Officials say many euthanisia fears unfounded


healthcare.jpgDespite dire predictions, “vulnerable” populations including the elderly, the poor, disabled and minorities do not make up a disproportionate number of the deaths in areas where physician-assisted death is legal, according to international research led by a bioethics expert from the University of Utah.Margaret Battin, distinguished professor of philosophy and adjunct professor of internal medicine, and three colleagues from the Netherlands wanted to see if evidence existed to support the oft-used “slippery slope” claims regarding physician-assisted dying, she said. Those predictions have come from heavy hitters of all types, including medical associations in the United States, Canada and Britain, and have sparked concern even among proponents of assisted death.

The researchers looked at the experience in Oregon and the Netherlands, where people can receive help from a physician to die. They focused on 10 populations, including those with disabilities, low socioeconomic status, HIV/AIDS, low education levels or psychiatric issues — all factors believed by many to make one more vulnerable. Only in the case of AIDS did they see evidence of more deaths, Battin said. In the other nine categories, rates were actually lower.

The study was released Wednesday and is published in the October issue of the Journal of Medical Ethics.

In the nine years since the law took effect in Oregon, where a doctor can prescribe lethal drugs to patients diagnosed by two doctors as having a terminal illness and less than six months to live, 456 patients received lethal prescriptions and 292 used the drugs to kill themselves. That’s 0.15 percent of all deaths in Oregon during that time.
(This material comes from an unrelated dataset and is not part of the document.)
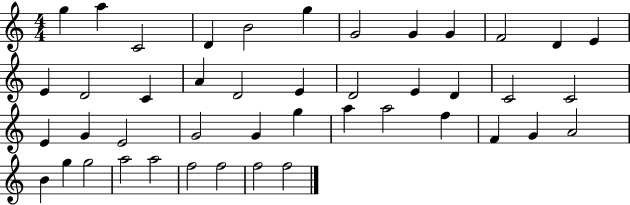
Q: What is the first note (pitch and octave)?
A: G5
In the Netherlands, a physician can either administer a life-ending medication or prescribe one a patient can take himself. The law requires “intolerable suffering,” but not terminal illness. Of 136,000 deaths each year in the Netherlands, about 1.7 percent are by voluntary active euthanasia, 0.1 percent by physician-assisted suicide and 0.5 percent are “extralegal” because they involve patients with no current explicit request to die, but who made one before becoming incompetent or are perceived to be suffering intolerably, researchers said. The study centered on cases in the Netherlands between 1985 and 2005, while the Oregon data covers 1998-2006.
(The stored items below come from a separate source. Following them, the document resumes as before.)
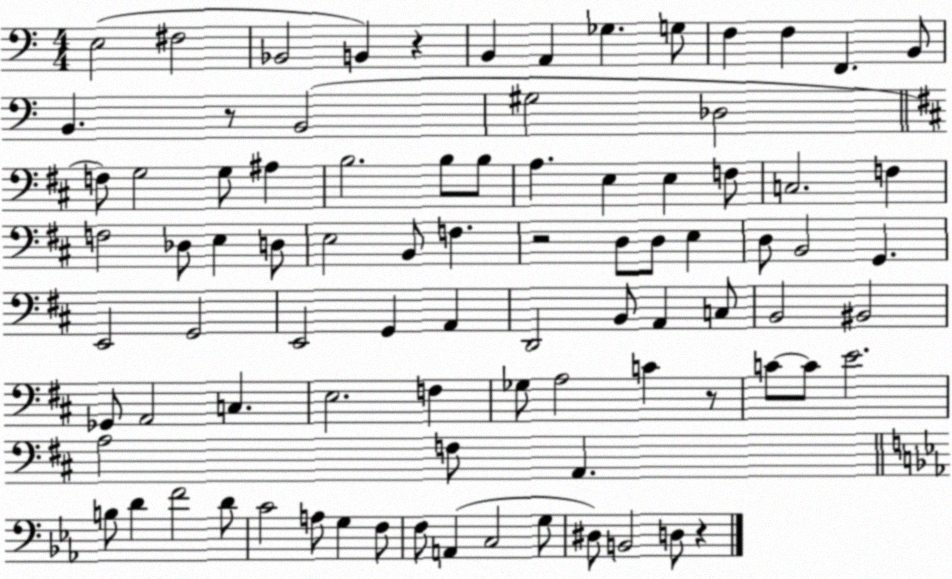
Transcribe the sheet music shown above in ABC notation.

X:1
T:Untitled
M:4/4
L:1/4
K:C
E,2 ^F,2 _B,,2 B,, z B,, A,, _G, G,/2 F, F, F,, B,,/2 B,, z/2 B,,2 ^G,2 _D,2 F,/2 G,2 G,/2 ^A, B,2 B,/2 B,/2 A, E, E, F,/2 C,2 F, F,2 _D,/2 E, D,/2 E,2 B,,/2 F, z2 D,/2 D,/2 E, D,/2 B,,2 G,, E,,2 G,,2 E,,2 G,, A,, D,,2 B,,/2 A,, C,/2 B,,2 ^B,,2 _G,,/2 A,,2 C, E,2 F, _G,/2 A,2 C z/2 C/2 C/2 E2 A,2 F,/2 A,, B,/2 D F2 D/2 C2 A,/2 G, F,/2 F,/2 A,, C,2 G,/2 ^D,/2 B,,2 D,/2 z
In both places, those most likely to choose a physician-assisted death had an average age of 70, and 80 percent of them had cancer. Slightly more men than women chose physician-assisted suicide.

During the nine years in Oregon, only six AIDS patients died with a physician’s assistance, 2 percent of all deaths under the law. But the researchers said that “persons with AIDS were 20 times more likely to use assisted dying” than a comparable group of patients without the disease who died of chronic respiratory disorders. In the Netherlands, of a group of 131 gay men in Amsterdam diagnosed with AIDS from 1985-1992 and who died by 1995, 22 percent chose physician-assisted suicide or euthanasia. The researchers said that rate might be lower now because of medicines that let many patients live with AIDS as a chronic illness.
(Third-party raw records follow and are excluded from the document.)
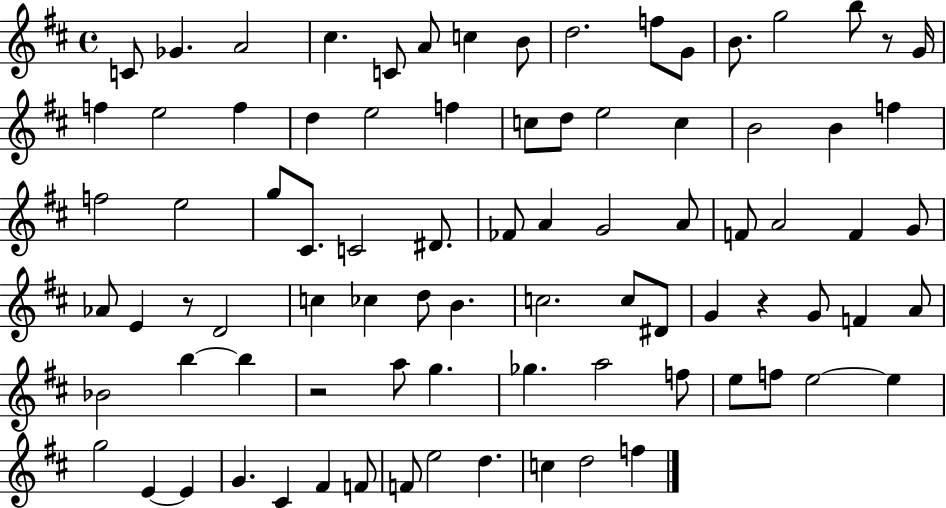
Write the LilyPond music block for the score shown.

{
  \clef treble
  \time 4/4
  \defaultTimeSignature
  \key d \major
  c'8 ges'4. a'2 | cis''4. c'8 a'8 c''4 b'8 | d''2. f''8 g'8 | b'8. g''2 b''8 r8 g'16 | \break f''4 e''2 f''4 | d''4 e''2 f''4 | c''8 d''8 e''2 c''4 | b'2 b'4 f''4 | \break f''2 e''2 | g''8 cis'8. c'2 dis'8. | fes'8 a'4 g'2 a'8 | f'8 a'2 f'4 g'8 | \break aes'8 e'4 r8 d'2 | c''4 ces''4 d''8 b'4. | c''2. c''8 dis'8 | g'4 r4 g'8 f'4 a'8 | \break bes'2 b''4~~ b''4 | r2 a''8 g''4. | ges''4. a''2 f''8 | e''8 f''8 e''2~~ e''4 | \break g''2 e'4~~ e'4 | g'4. cis'4 fis'4 f'8 | f'8 e''2 d''4. | c''4 d''2 f''4 | \break \bar "|."
}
“There’s no case in Oregon where someone with a disability but not also with a terminal illness chose this,” Battin said.

The analysis included data that was clear and some from which inferences were made, she said. For instance, data clearly provided gender, age and terminal diagnosis for Oregon. But for the Netherlands, socioeconomic status was inferred from a postal code. “Such data is recognized to be less strong,” Battin said, “but it is still informative.

“We recognized considerable differences in the strength of the data, but we did see a common picture in these two jurisdictions. This should put to rest some of the more florid concerns.”

The experience with physician-assisted suicide is important because other jurisdictions, including several U.S. states, are considering such laws, and the “slippery slope” argument is a regular in the debates, she said.

“This practice is reported everywhere, and it’s a heavily debated issue, particularly in countries with advanced health-care systems, where the average life expectancy is quite long and diseases with downhill courses are frequent,” Battin said.

The other researchers were Dr. Agnes van der Heide of Erasmus Medical Center, Rotterdam; psychiatrist Dr. Linda Agenizing at Oregon Health & Science University, Portland; and Dr. Gerrit van der Wal and health scientist Bregje Onwuteaka-Philipsen, of the VU University Medical Center, Amsterdam. Van der Wal is inspector general of The Netherlands Health Care Inspectorate, which advises that nation’s health minister.